PROBLEM REQUIREMENTS: Lines below starting with the line with "Pioneer Out for" and going on through the line with "MASCOT® ACCELERATE SAFE" must be output exactly; the rest of the records must be left out.

MATERIAL FOR THIS TASK:
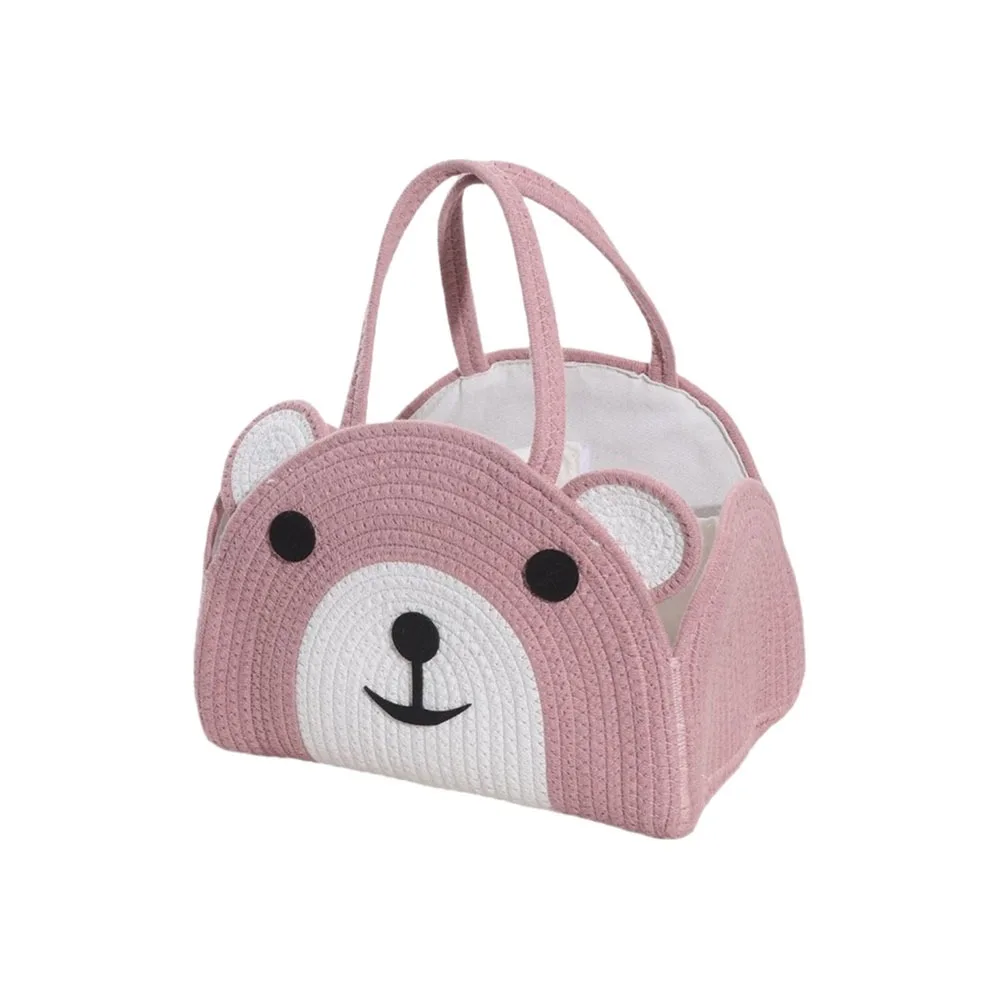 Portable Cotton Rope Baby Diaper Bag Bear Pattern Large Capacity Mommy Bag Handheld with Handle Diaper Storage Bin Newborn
...
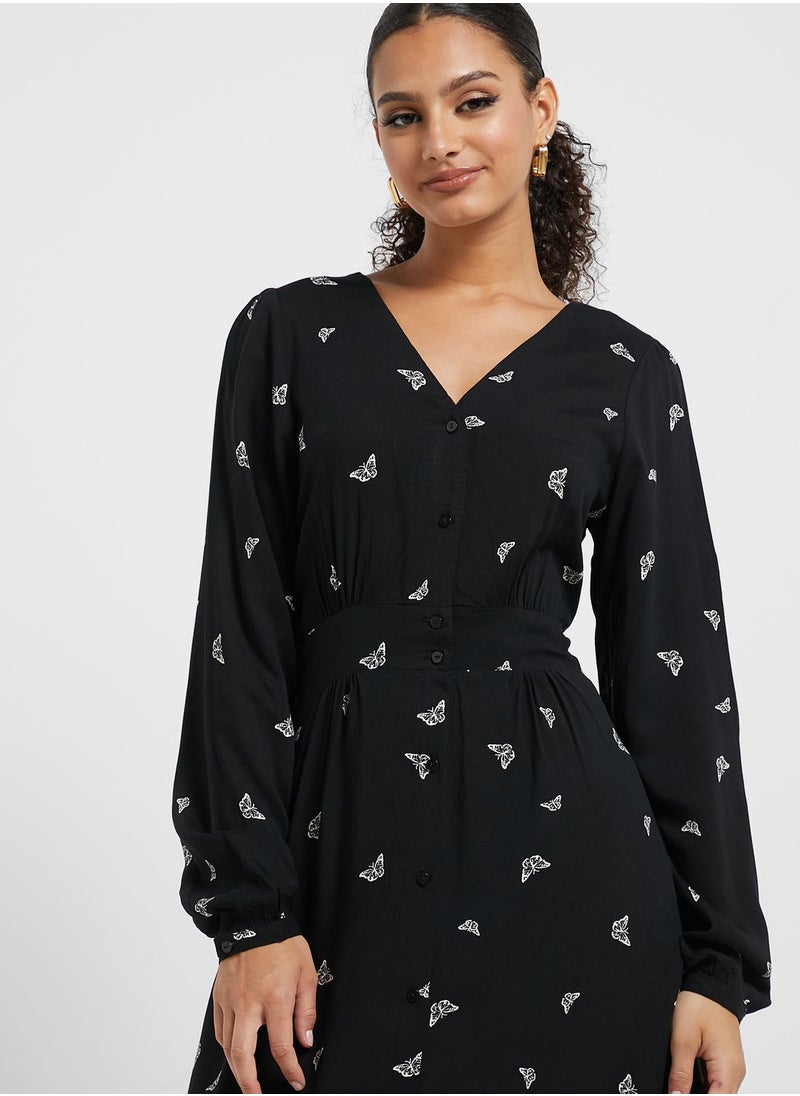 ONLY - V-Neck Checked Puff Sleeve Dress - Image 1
--
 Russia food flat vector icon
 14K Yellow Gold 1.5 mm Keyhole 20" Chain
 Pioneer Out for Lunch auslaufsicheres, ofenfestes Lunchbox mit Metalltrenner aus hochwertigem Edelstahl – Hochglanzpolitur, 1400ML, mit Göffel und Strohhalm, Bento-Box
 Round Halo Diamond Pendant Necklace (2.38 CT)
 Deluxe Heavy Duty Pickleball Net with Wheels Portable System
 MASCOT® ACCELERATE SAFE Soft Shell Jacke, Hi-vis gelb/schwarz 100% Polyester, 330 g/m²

EXERCISE RESULT:
 Pioneer Out for Lunch auslaufsicheres, ofenfestes Lunchbox mit Metalltrenner aus hochwertigem Edelstahl – Hochglanzpolitur, 1400ML, mit Göffel und Strohhalm, Bento-Box
 Round Halo Diamond Pendant Necklace (2.38 CT)
 Deluxe Heavy Duty Pickleball Net with Wheels Portable System
 MASCOT® ACCELERATE SAFE Soft Shell Jacke, Hi-vis gelb/schwarz 100% Polyester, 330 g/m²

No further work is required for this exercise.